In England, there is another great protector of the historic built environment — the National Trust — but whereas the emphasis of the National Trust’s work is on historic houses and gardens, English Heritage concentrates on more ancient works: pre-historic henges, hill forts, stone circles, Roman archaeological sites, monuments, abbeys, monasteries, priories, fortifications and castles. And this difference in emphasis is clearly reflected by the English Heritage symbol. It suggests the plan of an ancient building with the buttresses shown as square protrusions around the exterior; or the surrounding notches may recall the robust battlements and crenellations of a defensive structure. It is also possible to see four capital letter Es facing right, left, up, and down, to create an enclosure. I am not sure if this last effect is intentional, or a happy accident, but, once you know the Es are there, you cannot ignore them.

When used as a corporate device, the symbol appears in red and when used on traffic signs it is shown in white on a brown ground.

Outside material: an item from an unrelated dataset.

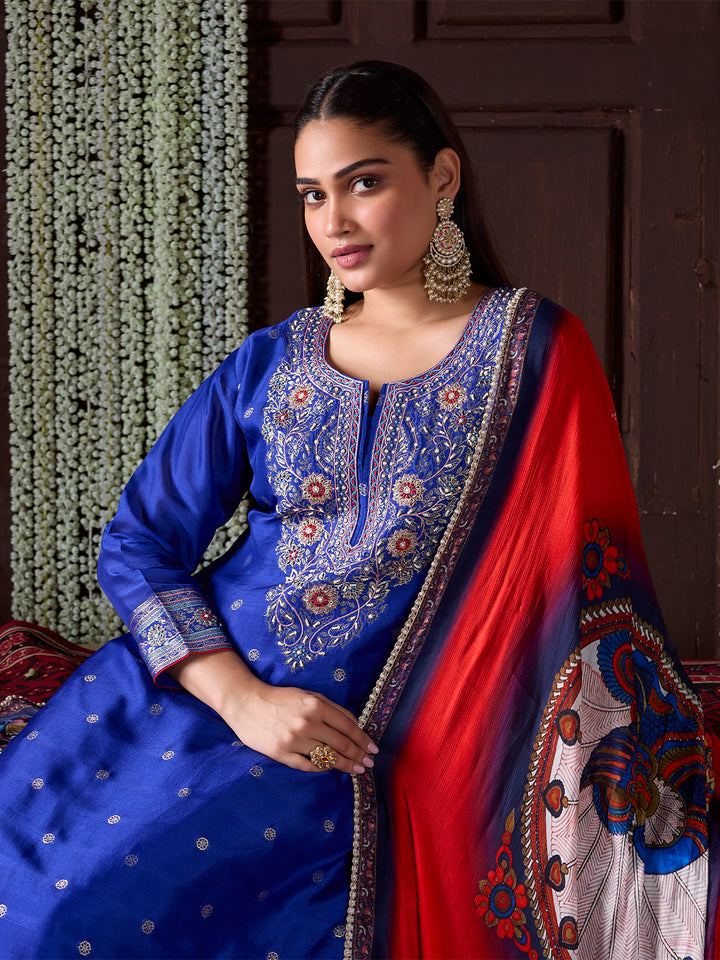 Royal Blue Jacquard Silk Farsi Set with Dupatta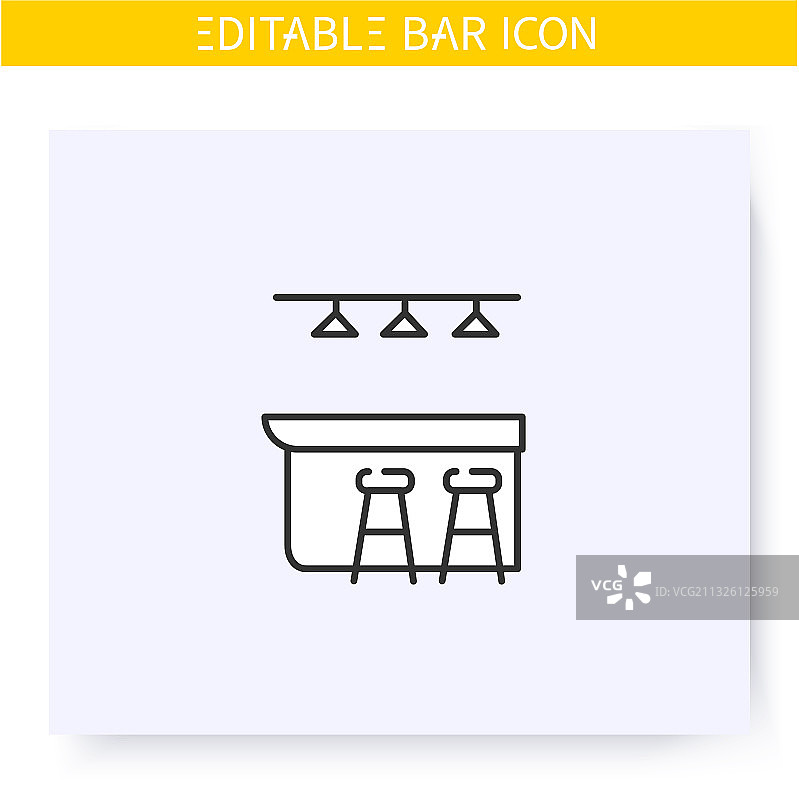 吧台线性图标图片素材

It also features on the famous blue plaques that English Heritage applies to buildings with connections to significant persons or events.      

I have long been an admirer of this ubiquitous symbol; it is a fine piece of public information design and it meets the necessary criteria for being an effective icon. It is distinctive, evocative, simple, easy to use, legible, and memorable. I would like to give credit to its creator but I have been unable to discover who designed it.

One of the measures I use when evaluating a symbol is to ask myself if I would like to have been its creator. This is one that I would definitely be proud to have in my own portfolio.